PEPOLI, Romeo. – Figlio di Zerra di Ugolino e di Paola Anguissola, nacque a Bologna verso il 1250.

Oltre a Romeo, Zerra Pepoli ebbe almeno tre figlie: Egidia, Donella e Giovanna; delle ultime due, morto il padre nel 1267, si occupò il fratello Romeo, che diede in sposa Donella, nel 1276, a Uguccione Tettalasini e Giovanna, nel 1281, a Giacomo Caccianemici (Sommari, 141, pp. 78, 85, 90). Si trattava di due fra le famiglie più prestigiose dell’aristocrazia cittadina di Bologna, anche se schierate su opposti fronti politici, essendo guelfi i Caccianemici e ghibellini i Tettalasini. A questi ultimi si legò, nel 1280, lo stesso Romeo, sposando Azzolina Tettalasini, da cui ebbe almeno sette figli e tre figlie, coinvolti anch’essi dal padre in una fitta rete di importanti legami familiari: si dovranno ricordare almeno il matrimonio di Francesco, detto Tarlato, con Besia Galluzzi, quello di Taddeo con Bartolomea Samaritani (1308), e soprattutto il prestigioso matrimonio che Romeo riuscì a concludere nel 1317 fra la figlia Giacoma e Obizzo III d’Este.
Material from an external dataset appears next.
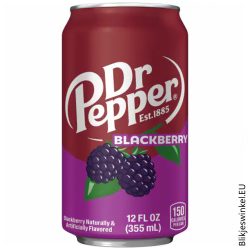 Dr. Pepper | Blackberry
Già dal 1269, neppure ventenne, Pepoli era attivamente impegnato, al fianco del padre e dello zio Zoene, nel mondo degli affari, sia nel settore degli investimenti immobiliari, sia, secondo una solidissima tradizione di famiglia, in quello creditizio. Nel luglio 1274 stipulò i primi contratti di credito con la comunità di San Giovanni in Persiceto, ottenendo in pegno alcuni beni comunali e avviando una sistematica pratica del prestito che lo portò, negli anni seguenti, a impossessarsi a titolo definitivo dei beni obbligati da privati cittadini, abitanti del contado e intere comunità, costretti, gli uni e le altre, a ricorrere al credito spesso per far fronte a una gravosissima pressione fiscale.

Nel 1276, ad esempio, una sentenza gli assegnò tutti i beni di un debitore insolvente, Caccianemico Cazitti, fra cui una casa situata a Bologna in strada Castiglione, edificio che divenne il cuore del nucleo immobiliare dei Pepoli, su cui Taddeo, figlio di Romeo, avrebbe poi eretto, negli anni Trenta del Trecento, il grande palazzo di famiglia tuttora esistente. Iniziava così una prodigiosa carriera professionale, che avrebbe affiancato, fino all’esilio del 1321, i prevalenti interessi politici del banchiere bolognese e che fece di lui, secondo Giovanni Villani, l’uomo più ricco d’Italia: «acquistato quasi tutto d’usura, che venti mila fiorini d’oro avea di rendita l’anno senza il mobile» (Nuova cronica, a cura di G. Porta, II, 1991, p. 333).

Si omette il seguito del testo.